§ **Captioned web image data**
-----

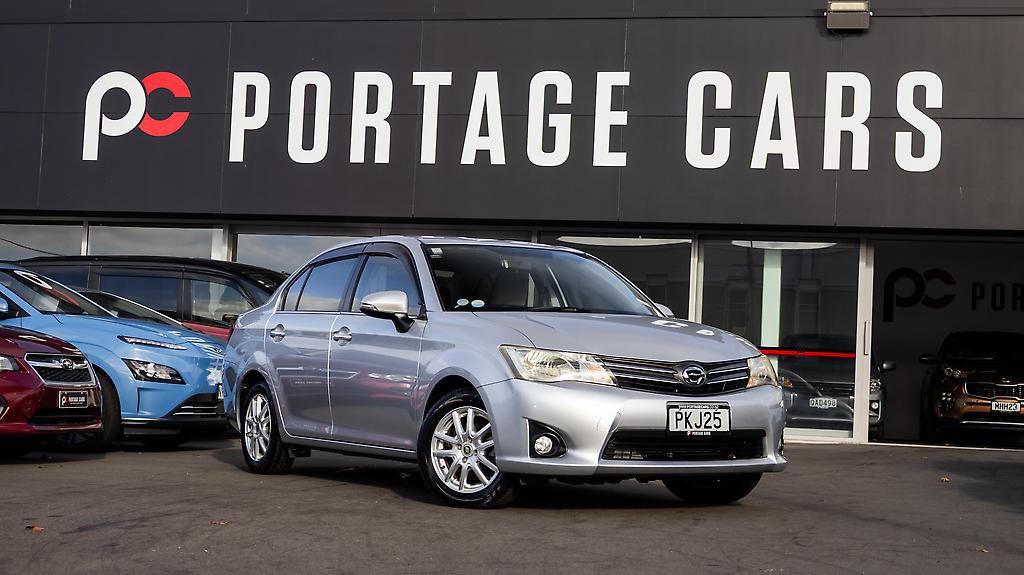 2013 Toyota Corolla AXIO Fielder Sedan Version image 340428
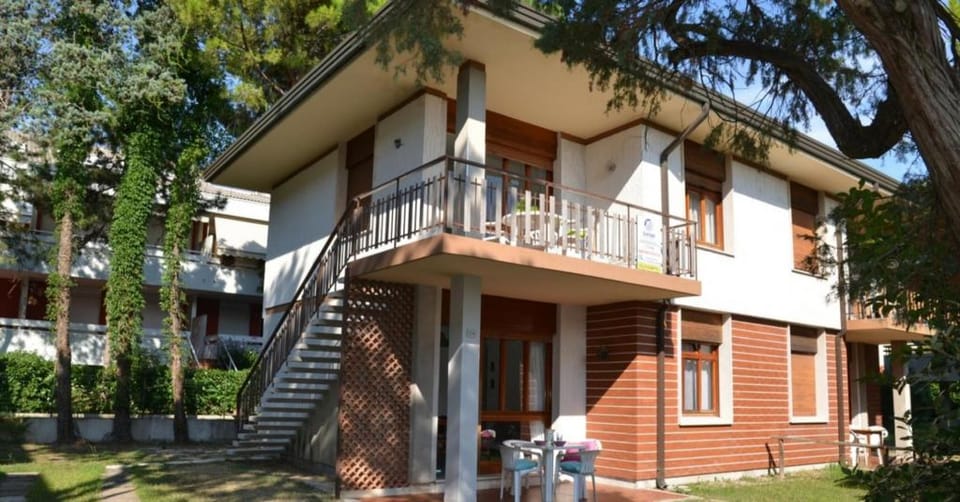 Bright seaside holiday apartment with private garden Apartment in Bibione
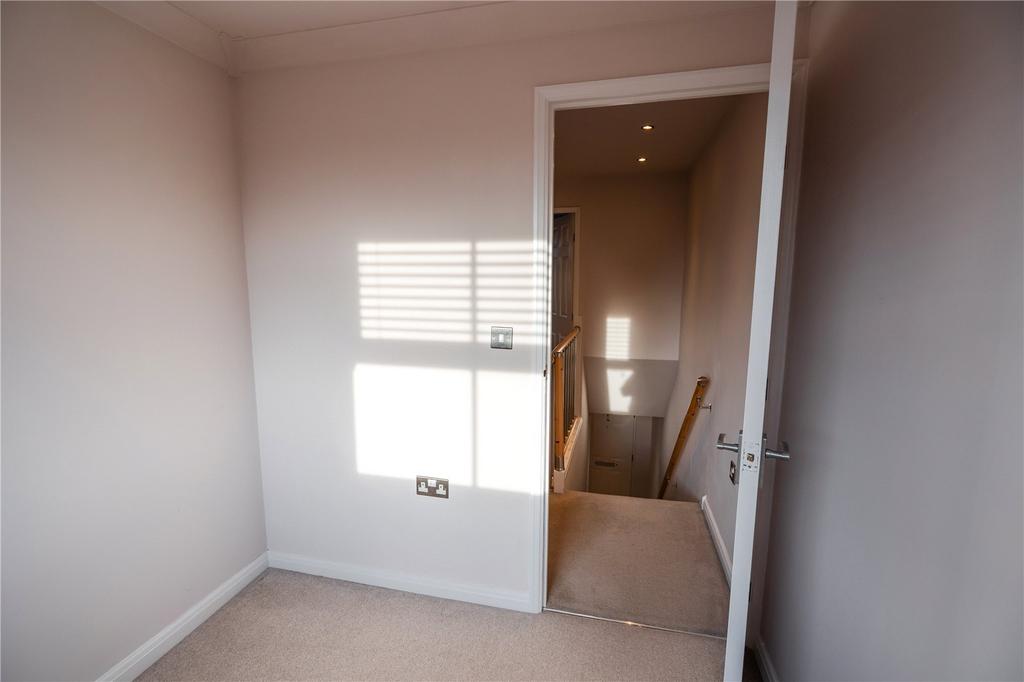 Bedroom 3 (3)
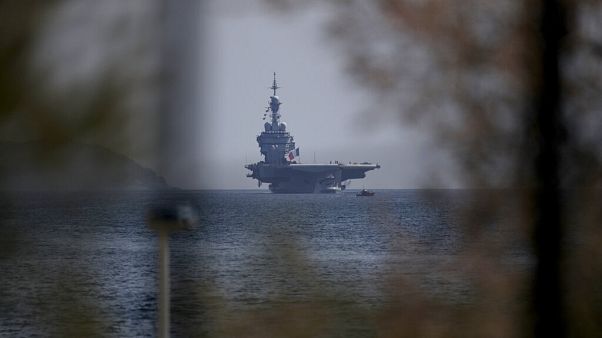 Коронавирус на "Шарле де Голле": семьи моряков в гневе Коронавирус на "Шарле де Голле": семьи моряков в гневе
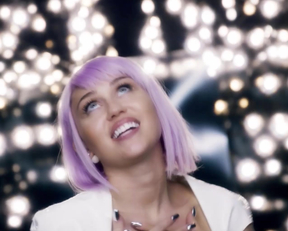 Miley Cyrus As Ashley O - On A Roll - Film nackt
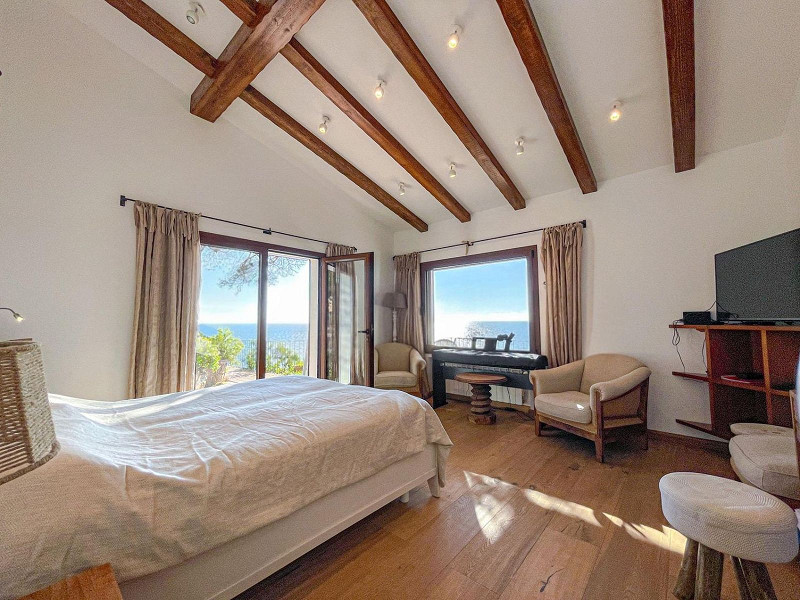 Mediterranean villa with direct beach access in Sant Antoni de Calonge, Costa Brava. Photo:  12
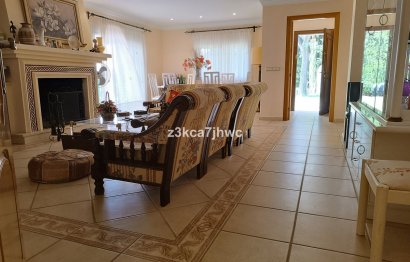 Resale - House - Finca - Cortijo - Estepona - Estepona Centro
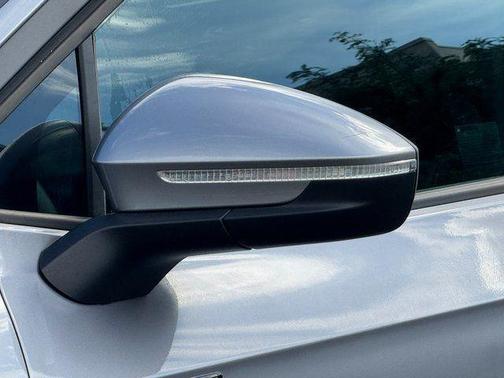 Silver Mist Metallic 2023 Volkswagen ID.4 AWD Pro S
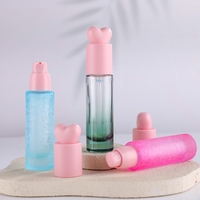 Flacon en verre rond en forme de cœur rose 30 ml Vaporisateur à pompe haute qualité pour crème pour le visage et crème pour les yeux Fabricants en gros Personnalisé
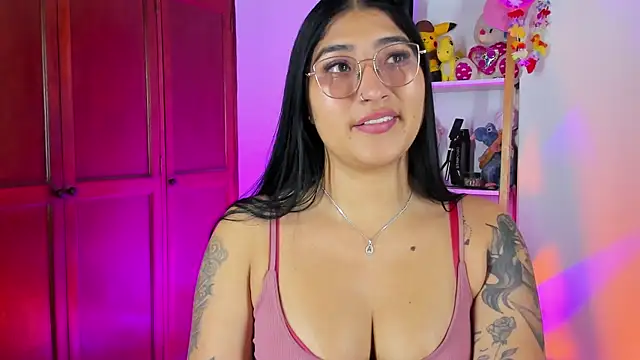 Snapshot of eymy-hadid chatting on October 2025 12:55:01 AM eymy-hadid online show from October 2025 12:55:01 AM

-----

Go through the data and return every word of it verbatim, leaving out the pictures.

 2013 Toyota Corolla AXIO Fielder Sedan Version image 340428
 Bright seaside holiday apartment with private garden Apartment in Bibione
 Bedroom 3 (3)
 Коронавирус на "Шарле де Голле": семьи моряков в гневе Коронавирус на "Шарле де Голле": семьи моряков в гневе
 Miley Cyrus As Ashley O - On A Roll - Film nackt
 Mediterranean villa with direct beach access in Sant Antoni de Calonge, Costa Brava. Photo:  12
 Resale - House - Finca - Cortijo - Estepona - Estepona Centro
 Silver Mist Metallic 2023 Volkswagen ID.4 AWD Pro S
 Flacon en verre rond en forme de cœur rose 30 ml Vaporisateur à pompe haute qualité pour crème pour le visage et crème pour les yeux Fabricants en gros Personnalisé
 Snapshot of eymy-hadid chatting on October 2025 12:55:01 AM eymy-hadid online show from October 2025 12:55:01 AM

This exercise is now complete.